Бог говорит: нехорошо человеку быть одному. Сотворим ему помощника. Помощника в чем? В домашнем хозяйстве? На кухне? — Это в раю-то? Святые отцы говорили, что заповедь возделывания рая (культуры – по латыни) нужно понимать в духовном смысле, а не в сельскохозяйственном. Возделывать рай — значит возделывать мысли Божии, Божию любовь. Вот в чем величайший смысл создания Евы, или Жизни! Одинокий Адам — может ли познать Троическую любовь? Это невозможно.
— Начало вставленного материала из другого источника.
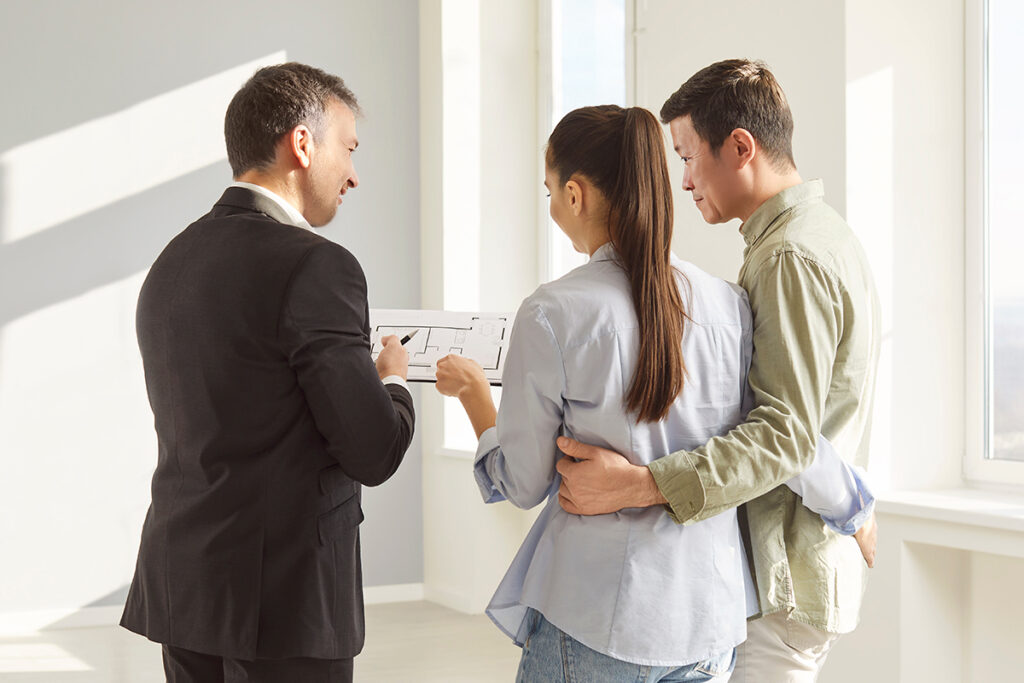 Real estate agent presenting an apartment layout to a smiling young couple, symbolizing personalized support after purchase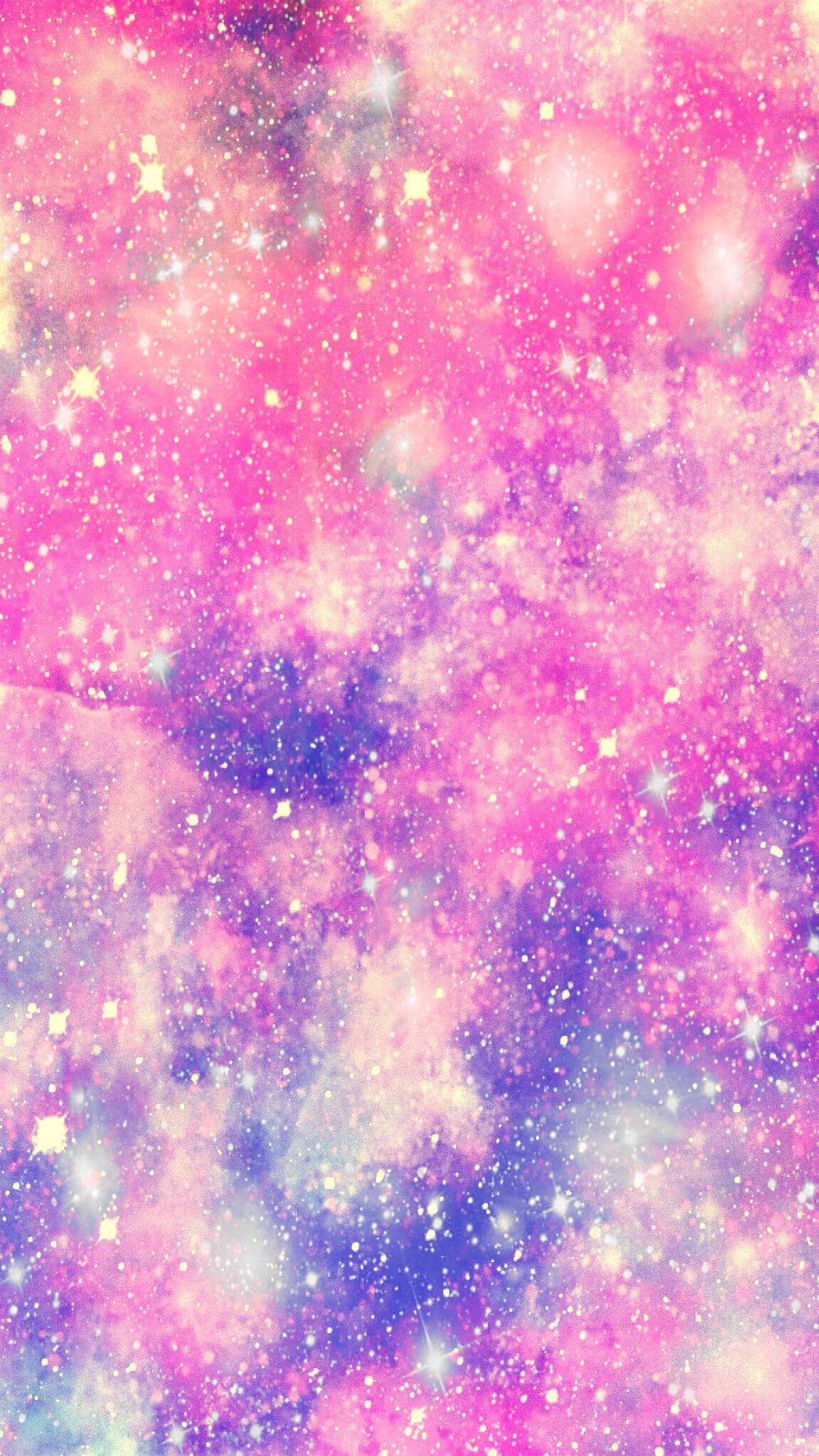 銀河 桌布 壁紙 — 夢幻的宇宙星雲旋轉著充滿活力的粉紅色、紫色和藍色色調，點綴著閃爍的星星。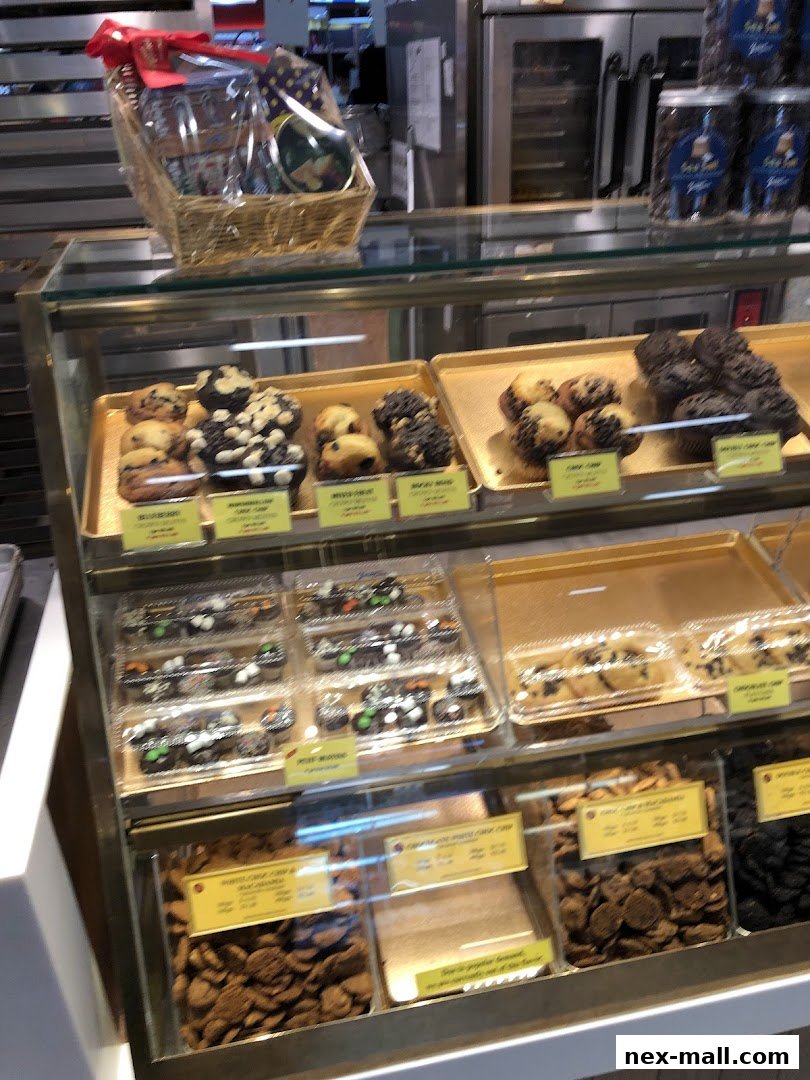 A display case filled with various cookies, muffins, and gift baskets from Famous Amos.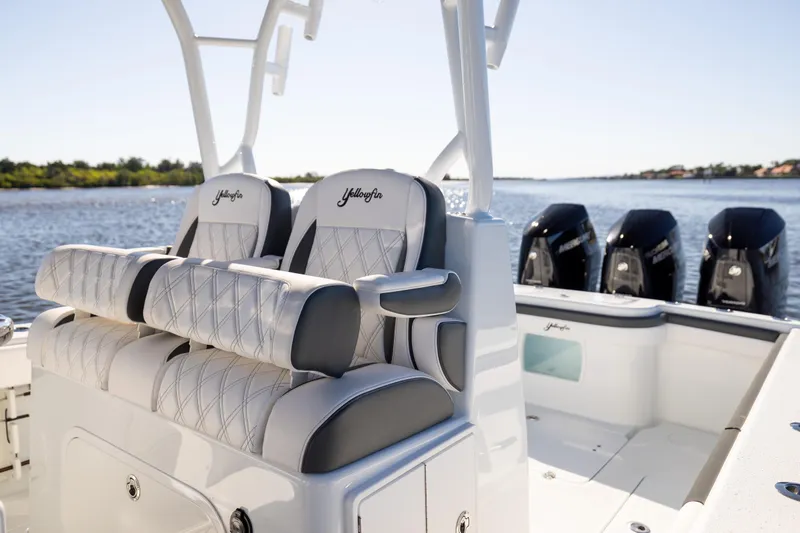 Bid Time 2 Yacht Photos Pics 2023 Yellowfin 36 Offshore boat with luxurious seating and powerful engines on a sunny day.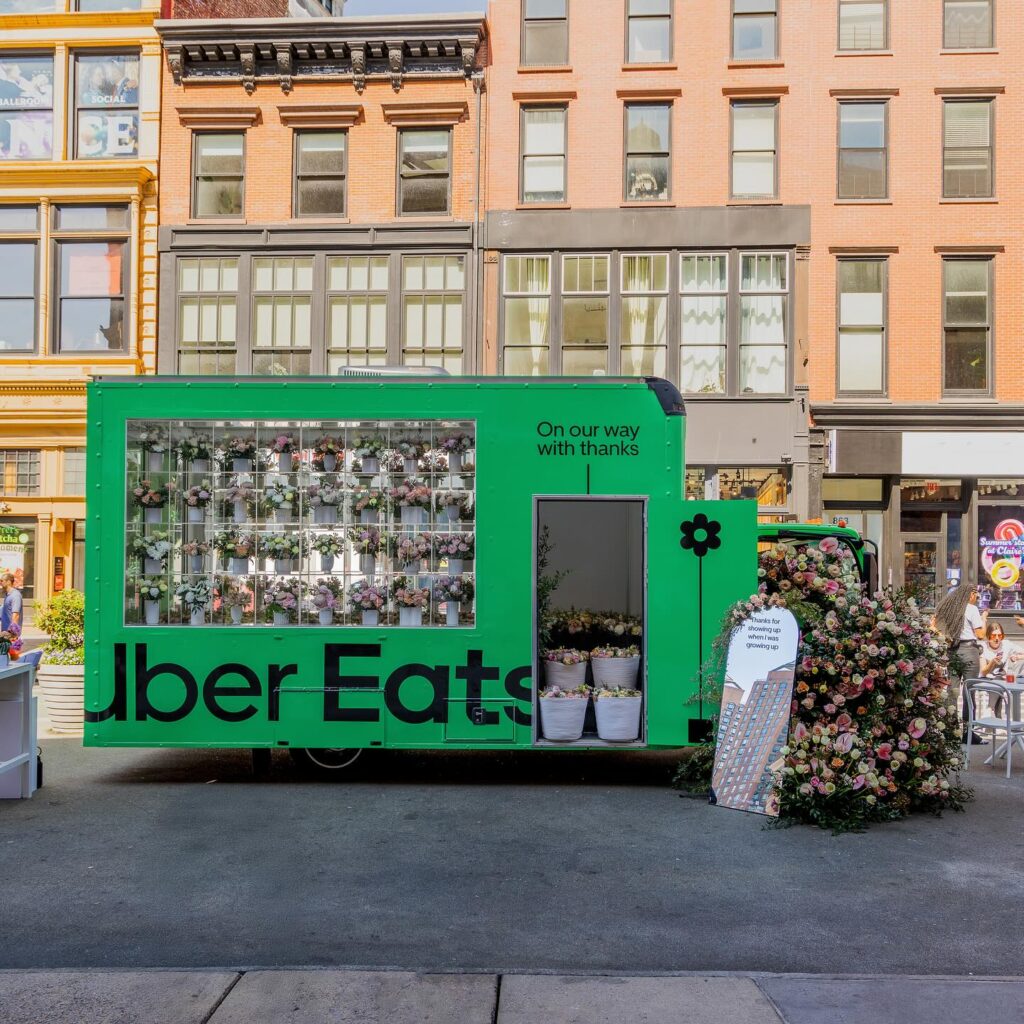 Guests writing notes and receiving bouquets at Uber Eats pop-up — brand experience rooted in emotional branding.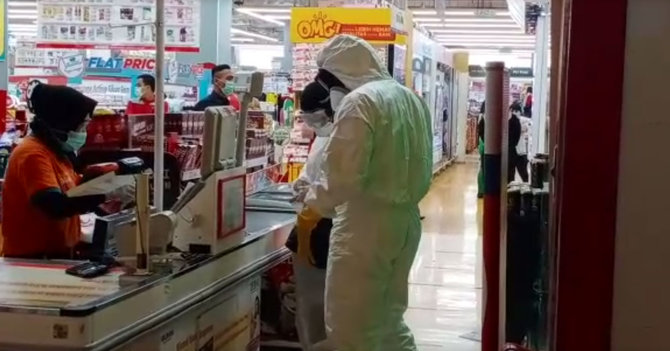 warga belanja di supermarket pakai baju hazmat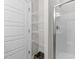 Bright bathroom showcasing a walk-in shower and a white storage shelving unit at 516 Culmore Dr, Fuquay Varina, NC 27526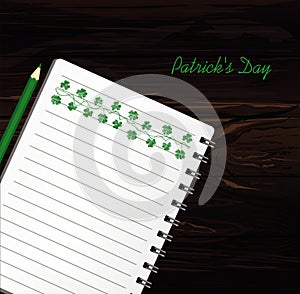 Notebook with template hand-drawn Green festive bunting with clover and pencil. Irish holiday - Happy St. Patrick`s Day with a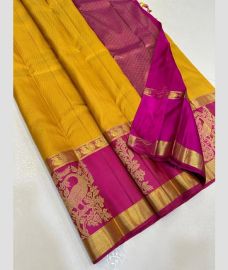 Mango Yellow and Pink kanchi pattu sarees with All over Jari design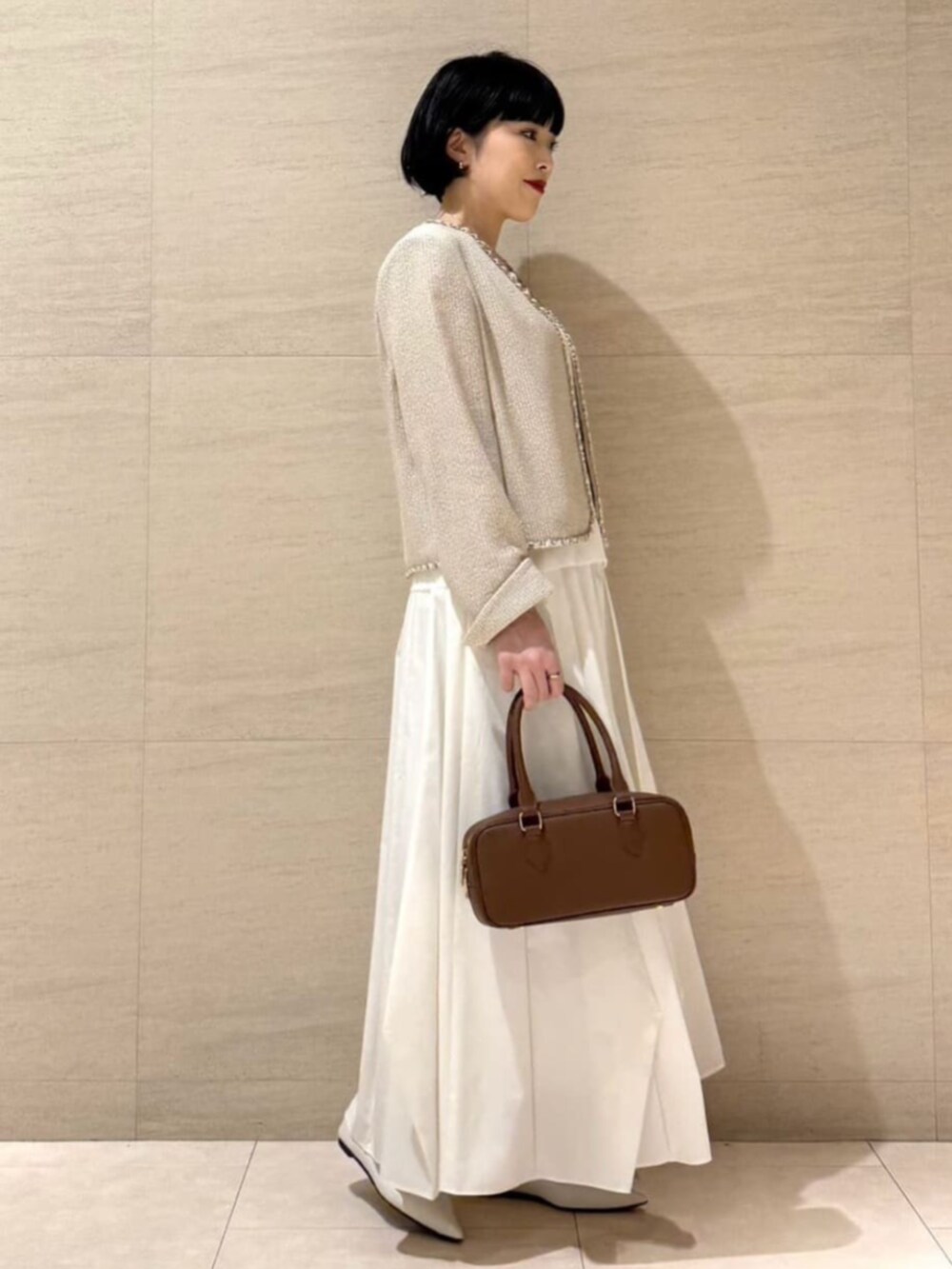 ホワイト系のパンプス、ブラウン系のボストンバッグ、ゴールド系のネックレスを着用したレディースの春コーディネートの4枚目の写真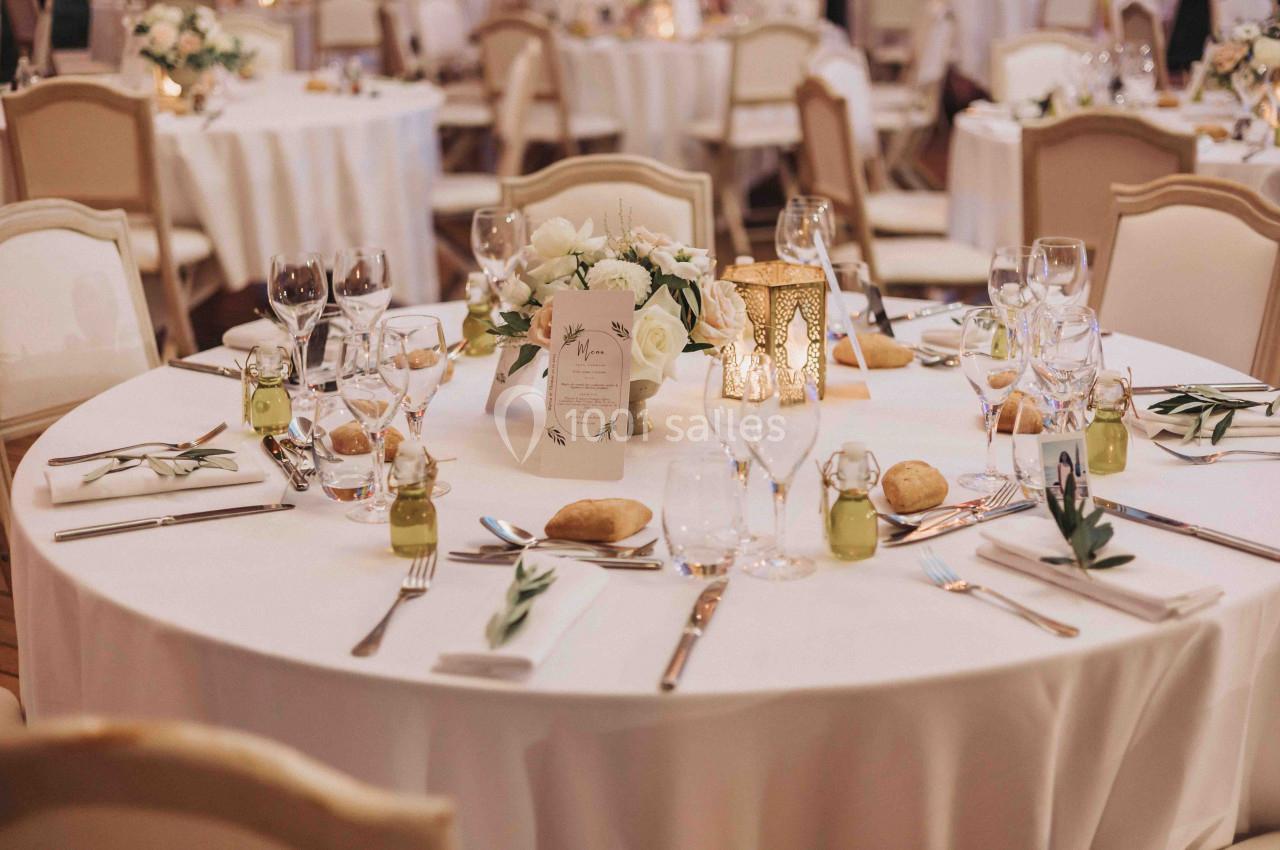 Table élégamment dressée avec nappes blanches, vaisselle raffinée, bougie décorative et centre de table floral.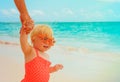 Cute little baby girl on beach holding mother hand, family at beach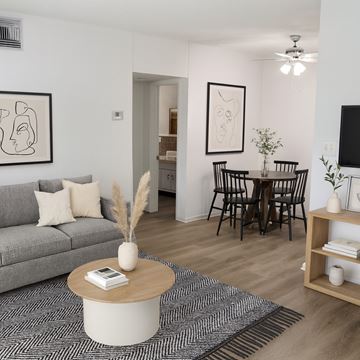 Boca Raton apartment for rent - A living room with a grey sofa, a coffee table, a dining table with chairs, and a TV on the wall.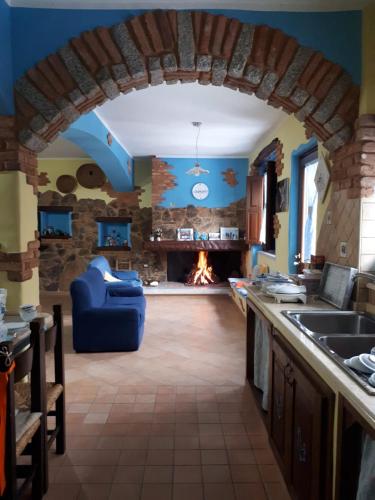 a kitchen with a living room with a fireplace at B&B La Dolce Sosta in Fonni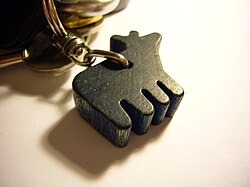 A wooden key fob made in Finland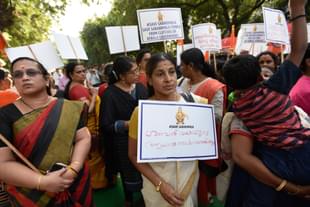 Members of Sabarimala Ayyappa Seva Samajam take part in a rally. (Biplov Bhuyan/Hindustan Times via Getty Images) 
Низовая антикультура настраивает ум, сердце, волю, вспомогательные силы противоположным образом. Воля, к примеру, перестает быть ликующе-светозарной и летучей: она мрачнеет, озлобляется, становится холодной, железной, стальной, — волей насильника, стремящегося размазать противников по стене. Металл по видимости и фанера изнутри. Ибо таков сам дьявол, пустой изнутри. И внимание перестает быть сердечным вниманием к свету. Теряя царственную силу свободы, оно влечется дьяволом к грязи, безвольно липнет к экранам телевизоров, к компьютерным стрелялкам, к бесцельным информационным развлекалкам, к рабскому подчинению современным массовикам-затейникам поп-культуры.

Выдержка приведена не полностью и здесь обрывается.